České Budějovice 5 forms an exclave of the municipal territory.

==Etymology==
The name Budějovice is derived from personal Slavic name Budivoj, meaning "the village of Budivoj's people". The name first appeared as Budoywicz, then it appeared in various similar forms. The German name was created by transcribing and shortening the Czech name. When the royal city was founded in 1265, the name appeared as Budwoyz and then it was adapted to Budweis. The name Budvicium was used in Latin.
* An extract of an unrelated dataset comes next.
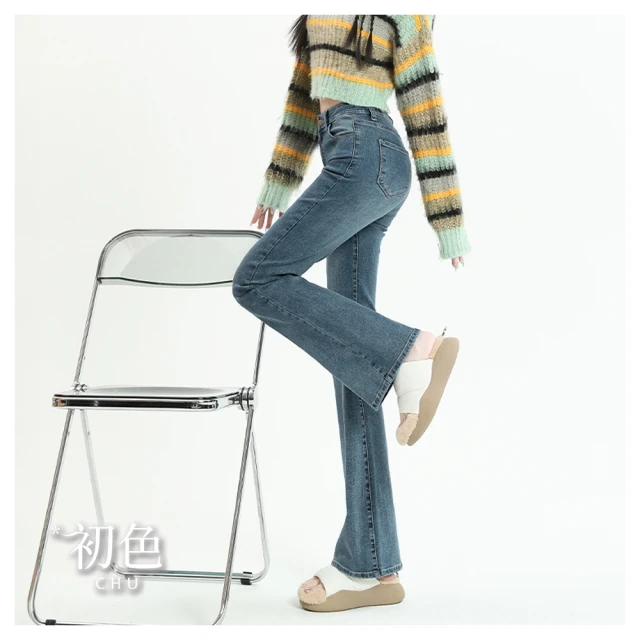 【初色】高腰人字紋加厚休閒毛呢休閒九分褲長褲寬褲-共3色-64929(M-2XL可選) 歷史價格詳細信息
After the Hussite revolution in the first half of the 15th century, the name České Budějovice ('Bohemian Budějovice') appeared to distinguish it from Moravské Budějovice ('Moravian Budějovice').

==Geography==
České Budějovice is located about 120 km south of Prague. It lies in the České Budějovice Basin, only a small eastern part of the municipal territory extends into the Třeboň Basin. The city is spread mostly across a plain making it nearly flat in the inner parts with hillier areas in the eastern suburbs. The highest point, located in the city's exclave, is at 560 m above sea level. The main part of the municipal territory does not exceed 452 m.
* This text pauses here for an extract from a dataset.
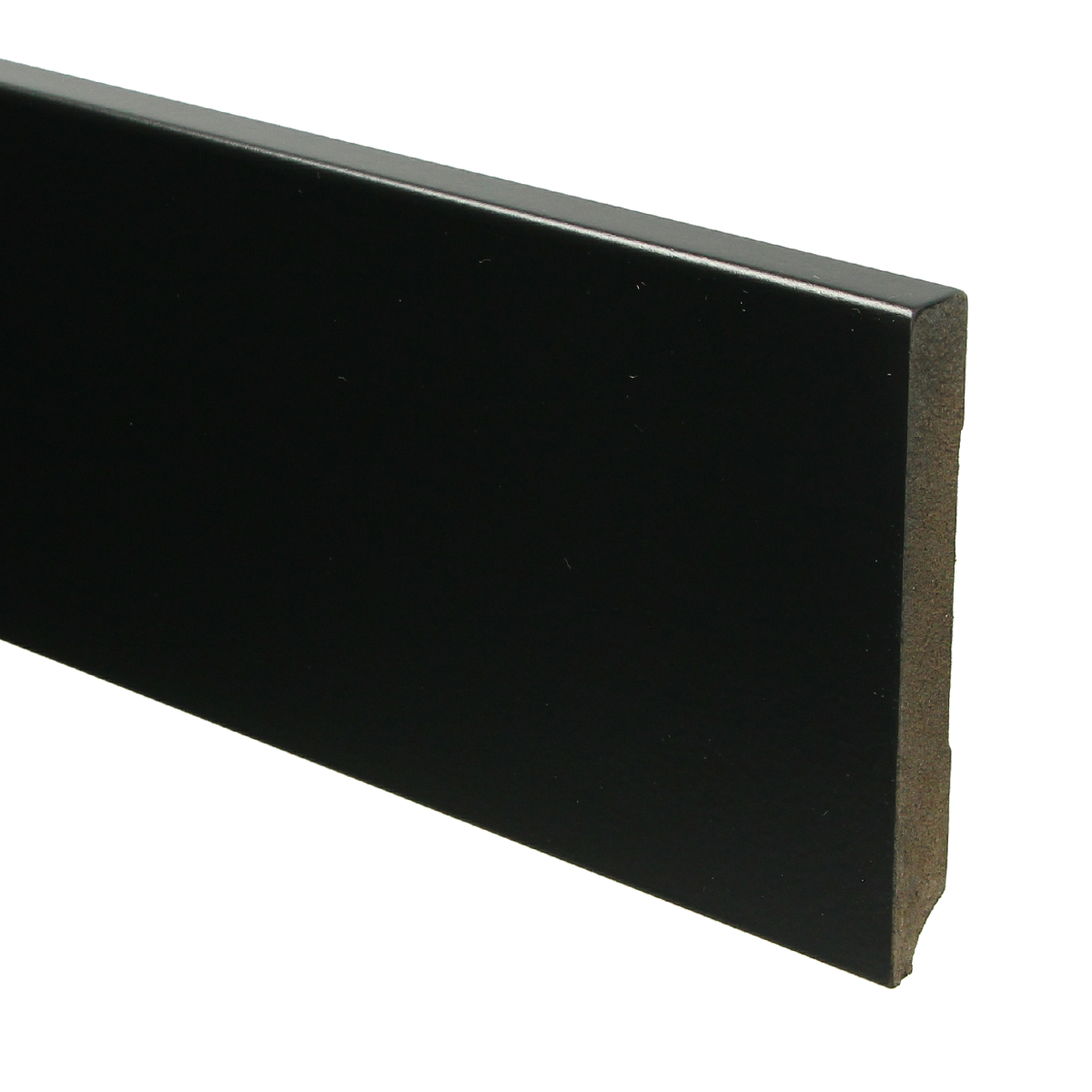 Moderne Plint MDF  120x15 RAL 9005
České Budějovice is situated in the valley of the Vltava River, at its confluence with the Malše. A set of large fishponds is located in the northwestern part of the municipal territory. The largest pond is Novohaklovský rybník with an area of 47.2 ha. Several of the ponds lies within the nature reserve of Vrbenské rybníky.

===Climate===
České Budějovice has a cooler and wet inland version of a humid continental climate (Köppen: Dfb; Trewartha: Dcbo) with an average annual temperature of 8.3 °C. There are four seasons, with a murky dry winter between early December and early March, a sunny and wetter spring between half of March up to half of May changing to a rainy and warm summer during late May and early September when a dry autumn lasting to late November begins. There are between 1,550 and 1,800 hours of sunshine in most years. The extreme temperature throughout the year ranged from c. -40 C on 11 February 1929 (Note: On this day, a temperature of -42.2 C was measured in the neighbouring municipality of Litvínovice, which is the lowest temperature in the history of measurements in the territory of the present-day Czech Republic. Historical value from Litvínovice is given in the Czech Hydrometeorological Institute's data for České Budějovice.) to 37.8 C on 27 July 1983.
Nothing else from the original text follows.